Woodworking Fundamentals

I’m focusing on basic skills in PW. Know that this isn’t news from the mountain top, but rather my very real commitment to fundamentals in my own shop.

“Fundamentals” could mean different things to different people. Here’s what the word means to me: My goal is to:

1) Be able to measure and mark rough stock to allow me to get the most project out of a piece of wood.
2) Process rough stock into acceptably finished boards QUICKLY. “Acceptable” means different things to different people. Certainly it’s got to function. Mating surfaces need to be good enough to not drive other parts to be fettled. As for speed, hand tool work will never be as fast as power tool work. But I strive to produce work in reasonable amounts of time. This is part of being craftsmanly in my opinion.
3) Execute joinery that is fit for purpose. Doesn’t have to be picture perfect. But it should be neat and above all, functional.
4) I’m learning more and more about wood, how it works, moves, and lives on. Part of preparing stock and executing joints is selecting the right bits of wood for the right jobs. Of course keeping only the fillet and discarding the rest of the beef is wasteful. This applies to marking and waste as well.

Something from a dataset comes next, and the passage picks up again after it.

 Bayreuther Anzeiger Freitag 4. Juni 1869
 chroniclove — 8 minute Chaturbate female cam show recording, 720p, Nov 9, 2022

I dislike the corporate sounding “goals and objectives” here, but it probably is a decent idea to think about your own goals. Have anything to add to my list? Of course there are 1000 skills inside each of my fundamentals above. But what about design? finishing? Would you add those to fundamentals?

I never understood why we don’t see more of this in print. There must be machine tool fundamentals. I’ve never seen articles about how to safely push tools through machines. Is this just something that’s amazingly obvious? Are there great manuals that tell you all the tricks that come with the machines from Grizzly? You could write volumes about hand tools and not cover it all.

6 thoughts on “Woodworking Fundamentals

  1. Ixzed13

    I am interested in doing more with less. Less tools, less work and less finishing. It might sound anti-crafty or lazy but there are numerous examples of simple functional furniture that I don’t want to make too fancy because it is going to be abused by use.

    1. GunnyGene

      That’s a legitimate concern, especially in a production/business sense. But, I’d caution that “fancy” should not be confused with good workmanship. I’ve seen many “fancy” items that were poorly made. Much of woodworking – especially joinery – is considered ‘fancy’ (dovetails for example), but is really a very structurally sound method that offsets “use abuse” to a great degree. Form follows function, and durability against abuse is part of that equation.

  2. msiemsenmsiemsen

    I was just musing on this question this morning. What is the primary skill a woodworker should learn? I decided it was, ironically, metalworking. If you can’t file, grind, hone, whet, strop or otherwise sharpen your edge tools you are dead in the water. Being able to make and modify and repair tools is also a major advantage, especially if you refurbish old tools.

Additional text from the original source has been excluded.